Ingredients
3 cup butter milk(slight sour)
1 cup gram flour(besan)
pinch of asafoetida(hing)
1/4 tsp turmeric powder
1 tsp red chilli powder
salt to taste
1/2 cup grated coconut
few coriander leaves
For Seasoning:
2 tbsp oil
1tsp mustard seeds
1 tsp cumin seeds
1 tsp ajwain seeds
1 tsp sesame seeds
Method
Mix together the flour, butter milk, hing, salt, turmeric and red chilli powder to form a batter.
Mix it well so as to avoid lump formations.
Now keep it for heating on slow flame and stir continuously and evenly till it is cooked i.e for around 10-15 minutes.
Then take a ladleful, pour it in a plate and spread it in one direction with the back of the flat spoon forming a very thin layer.
In the meantime keep the rest of the mixture covered to keep it hot.
Repeat for rest of the batter in other plates.
Now sprinkle grated coconut and chopped coriander leaves over the spread batter in all plates.

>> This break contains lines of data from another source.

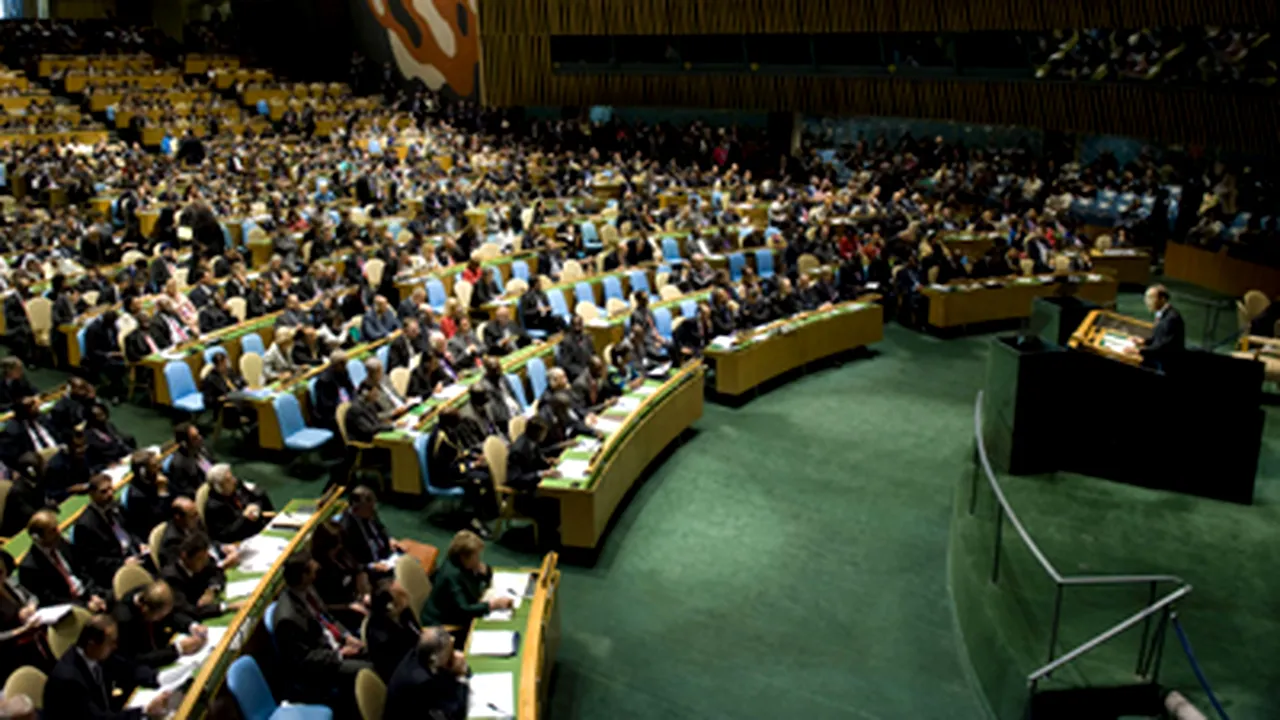 Ban Ki-moon deschide Adunarea Generală a ONU printr-un apel la unitate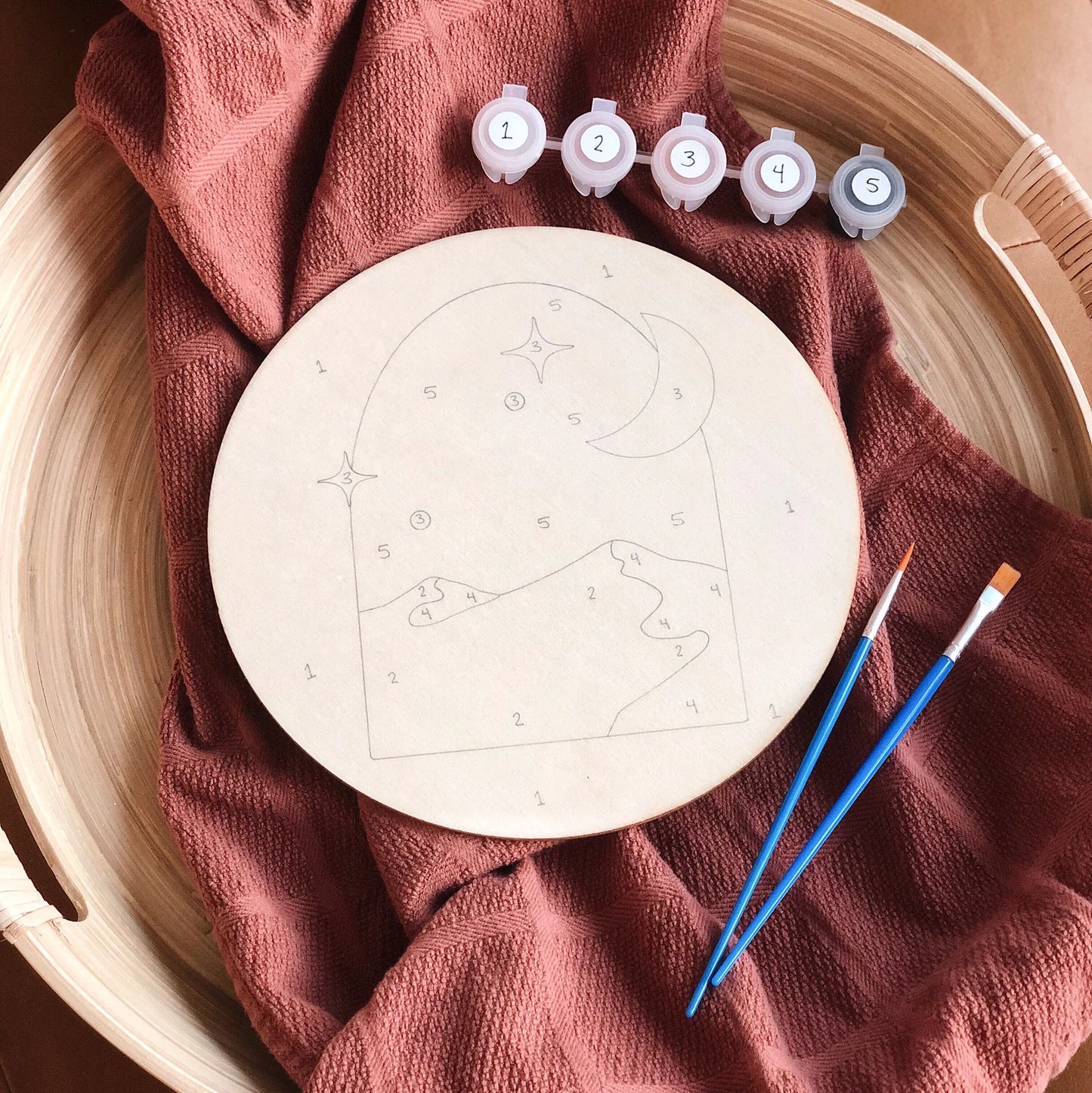 DIY - Paint By Number Kit - Desert Stars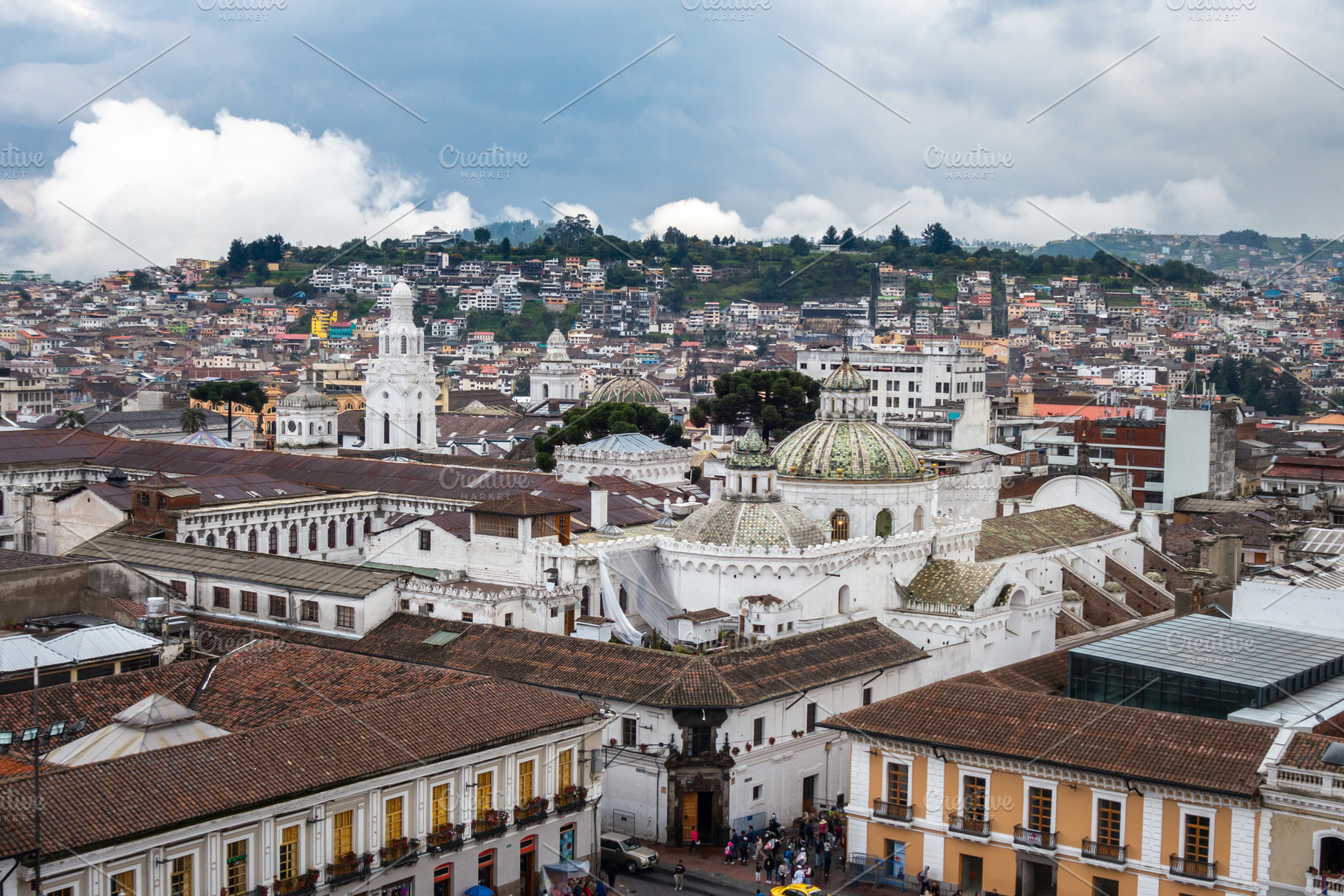 Panoramic view of Quito city from San Francisco church, an Architecture Photo by GoodGoods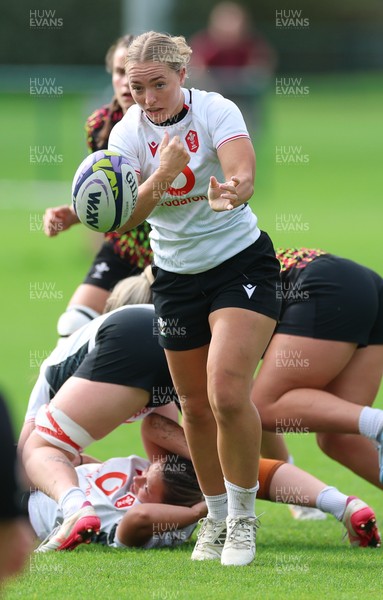 090926 - Wales Women Rugby Training Match - Megan Davey during a training match ahead of the WRX Series of matches 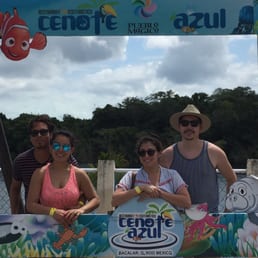 The four amigos before swimming the blue cenote!!! The four amigos before swimming the blue cenote!!!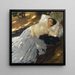 Midsommer - Leo Putz — indrammet kunstværk på væggen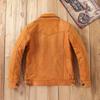 Chinese Size  Uncoated Frosted Natural Cowhide Men Leather Jacket Soft Short Slim Fit Vintage Genuine Leather Coat Autumn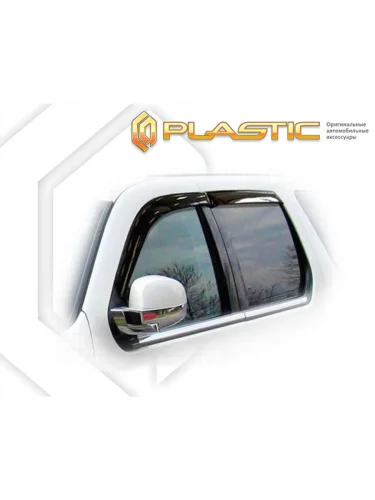 Ветровики дверей Classic полупрозрачный Cadillac Escalade  2007–2014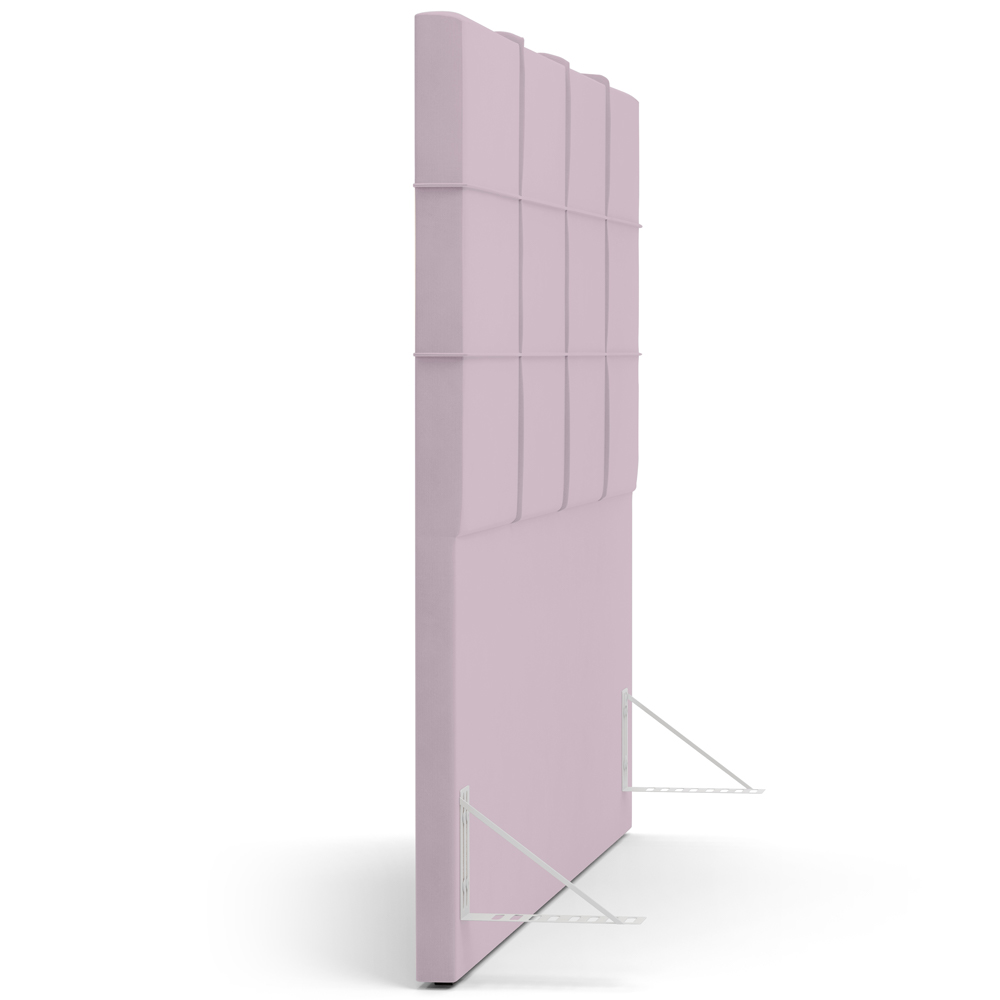 Cabeceira Cama Box Casal 140 cm Roma W01 Suede Rosê - Lyam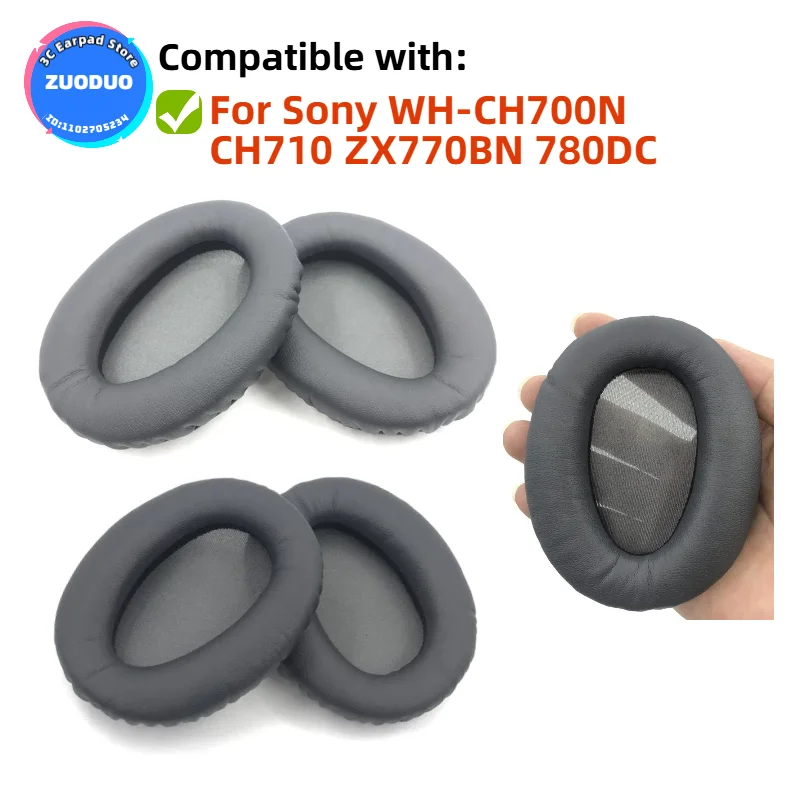 

Ear Pads For Sony WH-CH700N CH710 ZX770BN 780DC Headphones Replacement Foam Earmuffs Cushion Headset Covers Sponge Leather Foam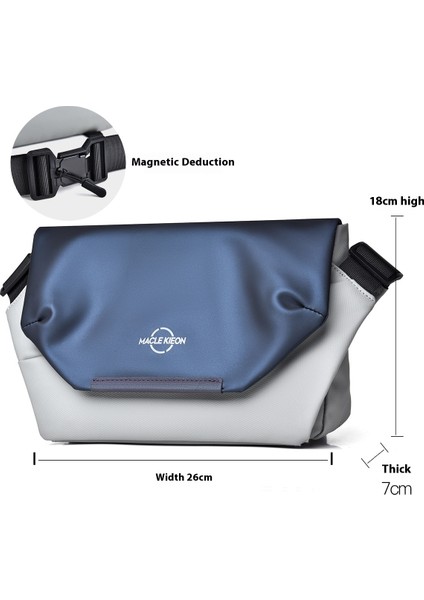 Erkek Gelgit Serin Sürme Omuz Crossbody Çanta Banliyö Fonksiyonu Messenger Çanta (Yurt Dışından)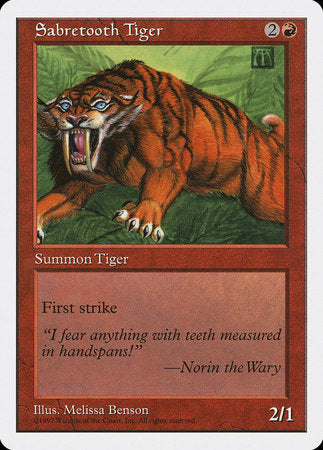 Sabretooth Tiger [Fifth Edition] | The Time Vault CA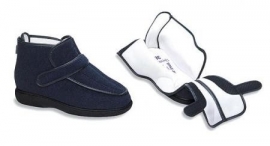 Verbandschoen Pulman New Comfort, hoge verbandschoenen voor gezwollen voeten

Then with the help of a knife cut 2inch wide strips.
Carefully roll each strip and place in a serving bowl.
Repeat for other plates.
Then heat oil in a pan and season it with mustard seeds, cumin seeds,ajwain seeds and sesame seeds.
Pour this seasoned oil over all the rolls evenly.
You can garnish with coriander leaves and serve as a wonderful side dish.